## [Task goal]
Transcribe the data exactly. Pictures stay out.

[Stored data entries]
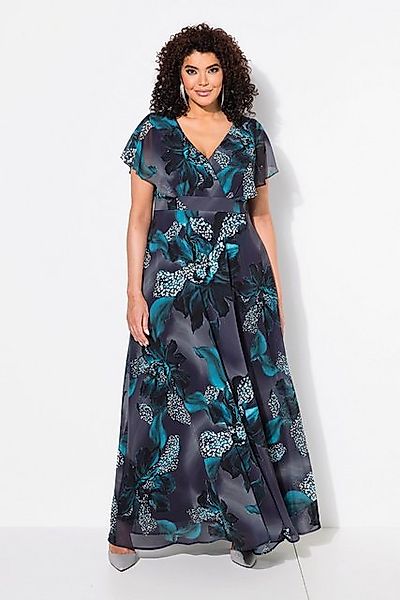 Ulla Popken Partykleid Maxikleid Gürtel V-Ausschnitt Flügel-Halbarm günstig online kaufen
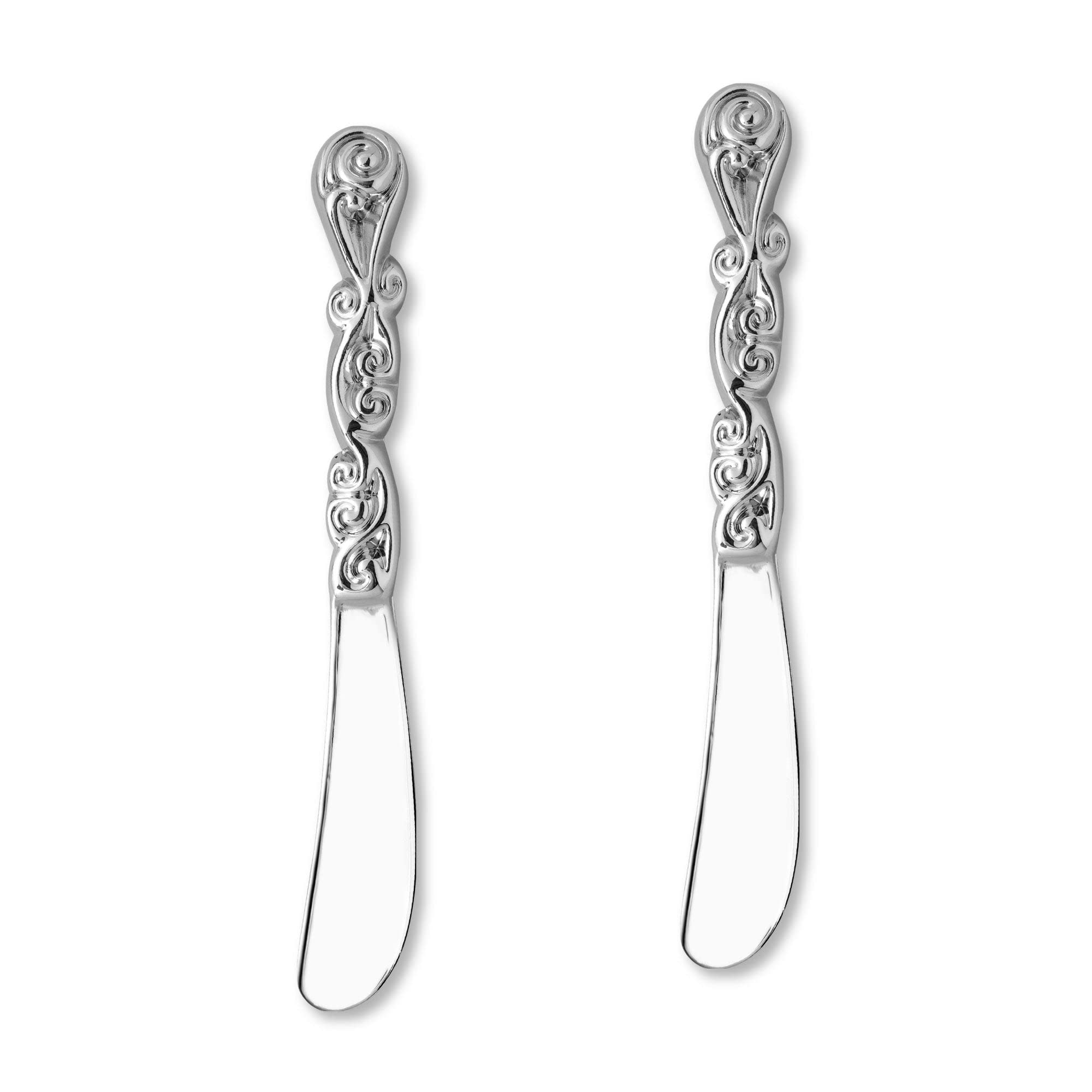 Premium 2-Piece Zinc Alloy Cheese and Butter Spreader Knife Set with Beaded Handle - Elegant for Cheese Boards, Charcuterie Platters & Dinner Parties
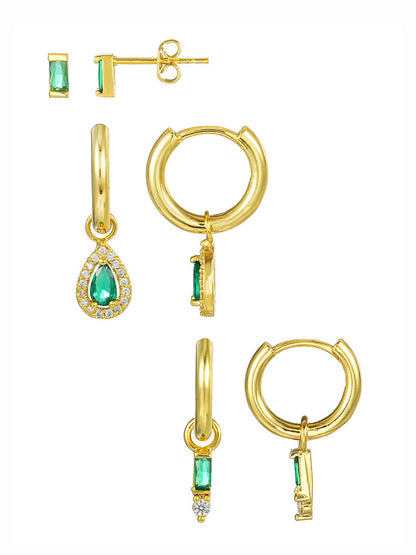 Styled view of emerald drop piercing set — 18k gold-plated curated earring set for evening and gifting.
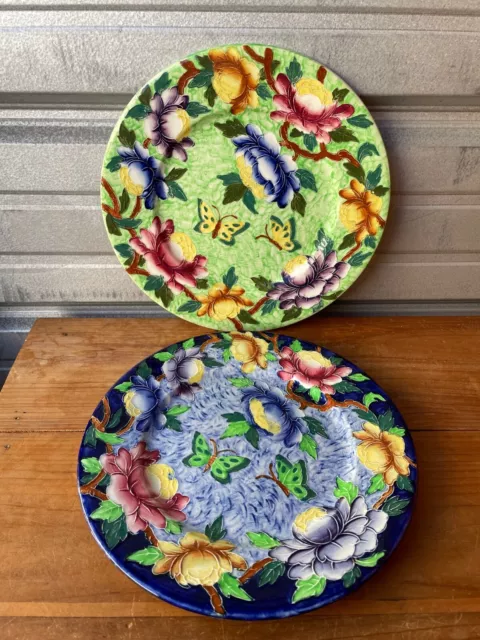 Lot 2 Vintage Maling England Majolica Hand Painted Butterfly Floral 11" Plates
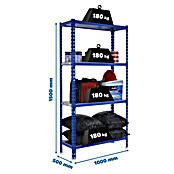 Simonrack Simonclick Metallregal (L x B x H: 50 x 100 x 150 cm, Traglast: 180 kg/Boden, Anzahl Böden: 4 Stk., Blau)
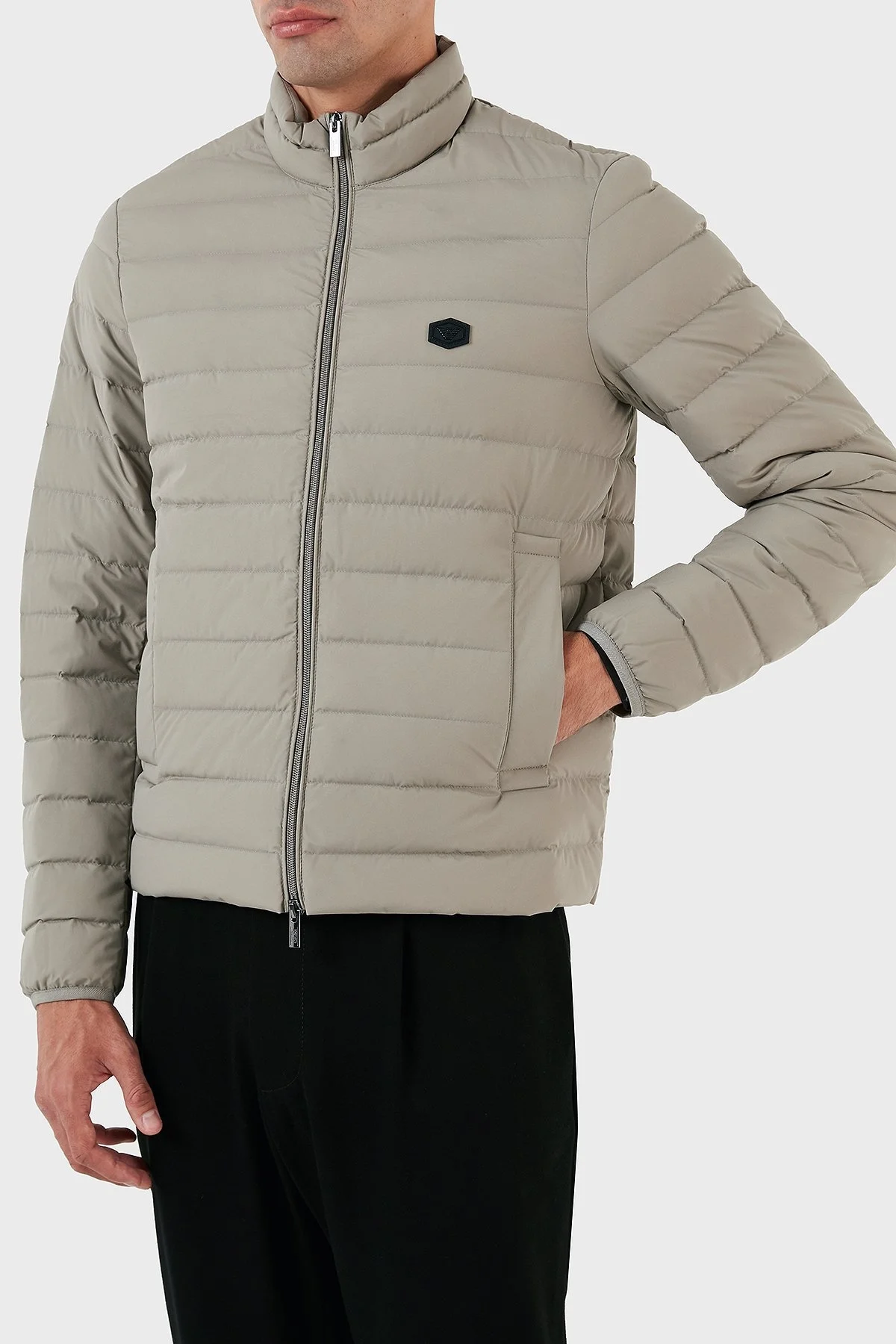 Emporio Armani Regular Fit Ördek Tüyü Dolgulu Dik Yaka Şişme Erkek Mont 8N1BQ2 1NLRZ 0643 GRİ - 6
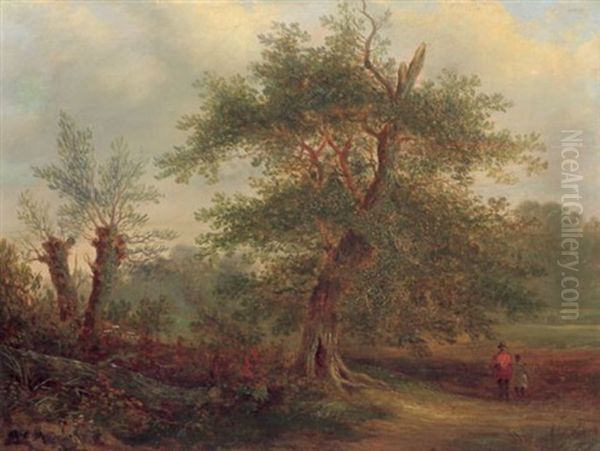 Baumlandschaft Mit Spaziergangern - view 1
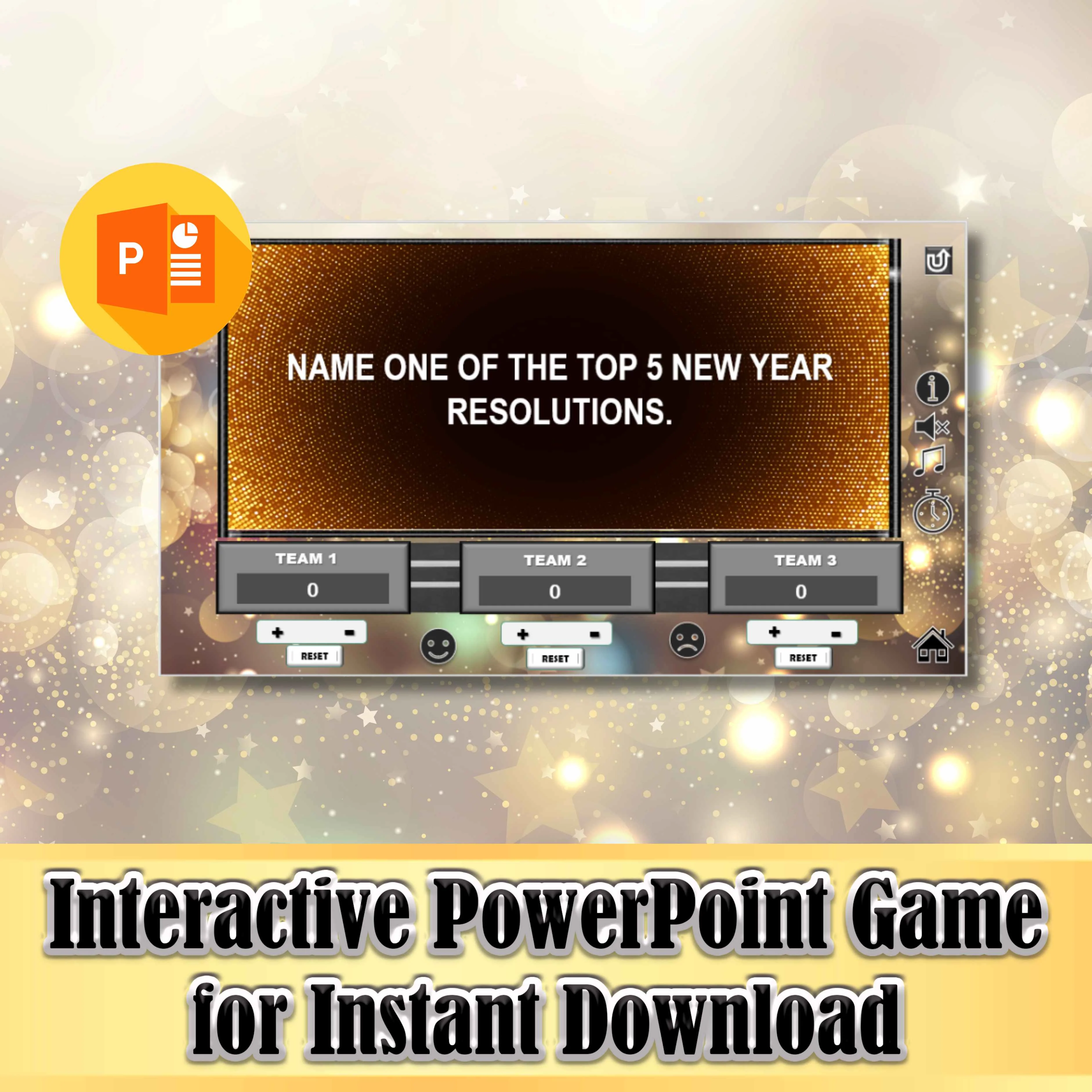 JEOPARTY NEW YEARS GAME - POWERPOINT GAME - Image 5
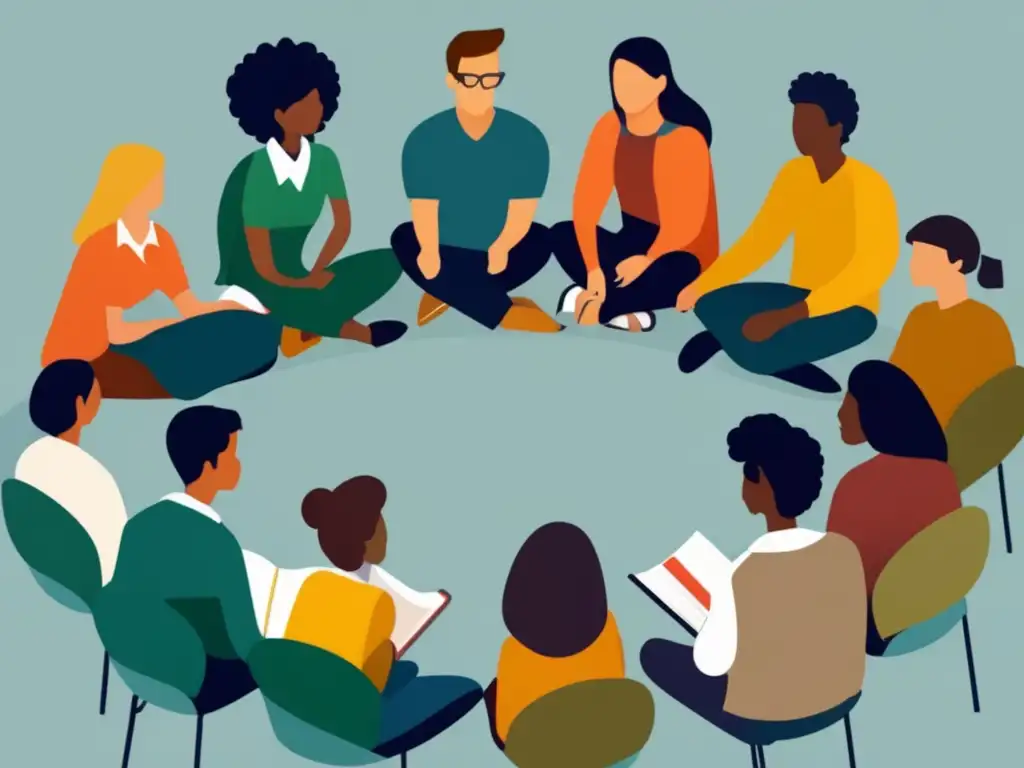 Estudiantes universitarios discutiendo Estudiantes universitarios colaborando y comunicándose en una discusión inclusiva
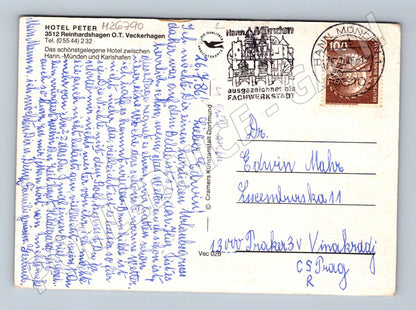 Pohlednice Německo Reinhardshagen Hotel Peter 1986 (M26790)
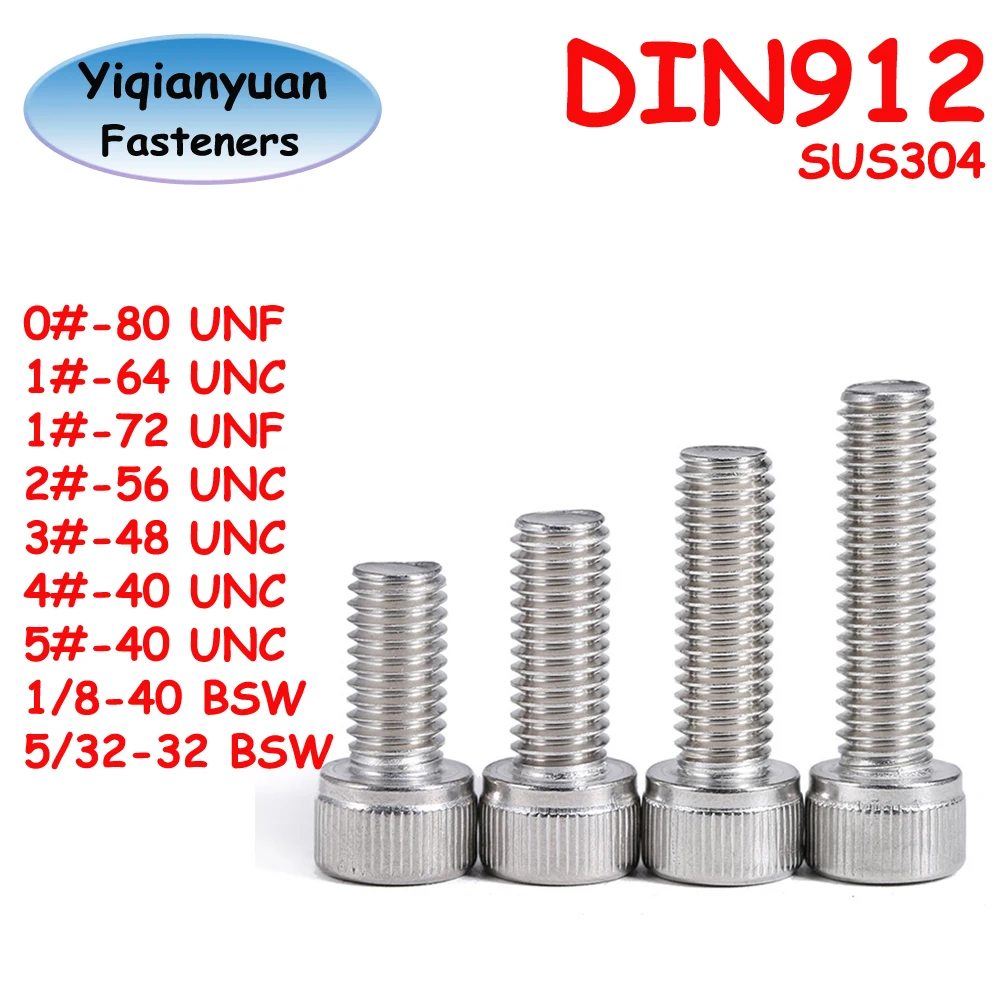 Yiqianyuan 0#-5# UNC UNF 1/8-40 5/32-32 BSW DIN912 SUS304 A2 Stainless Steel Hex Socket Knurled Cap Head Bolts Allen Key Screws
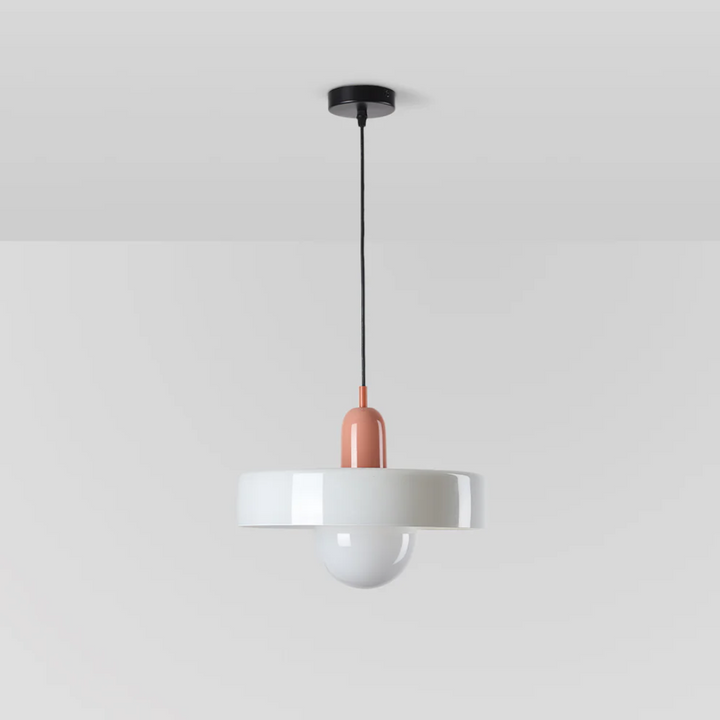 Contemporary LED ceiling lamp, featuring a clear glass globe design.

## [Problem solution]
 Ulla Popken Partykleid Maxikleid Gürtel V-Ausschnitt Flügel-Halbarm günstig online kaufen
 Premium 2-Piece Zinc Alloy Cheese and Butter Spreader Knife Set with Beaded Handle - Elegant for Cheese Boards, Charcuterie Platters & Dinner Parties
 Styled view of emerald drop piercing set — 18k gold-plated curated earring set for evening and gifting.
 Lot 2 Vintage Maling England Majolica Hand Painted Butterfly Floral 11" Plates
 Simonrack Simonclick Metallregal (L x B x H: 50 x 100 x 150 cm, Traglast: 180 kg/Boden, Anzahl Böden: 4 Stk., Blau)
 Emporio Armani Regular Fit Ördek Tüyü Dolgulu Dik Yaka Şişme Erkek Mont 8N1BQ2 1NLRZ 0643 GRİ - 6
 Baumlandschaft Mit Spaziergangern - view 1
 JEOPARTY NEW YEARS GAME - POWERPOINT GAME - Image 5
 Estudiantes universitarios discutiendo Estudiantes universitarios colaborando y comunicándose en una discusión inclusiva
 Pohlednice Německo Reinhardshagen Hotel Peter 1986 (M26790)
 Yiqianyuan 0#-5# UNC UNF 1/8-40 5/32-32 BSW DIN912 SUS304 A2 Stainless Steel Hex Socket Knurled Cap Head Bolts Allen Key Screws
 Contemporary LED ceiling lamp, featuring a clear glass globe design.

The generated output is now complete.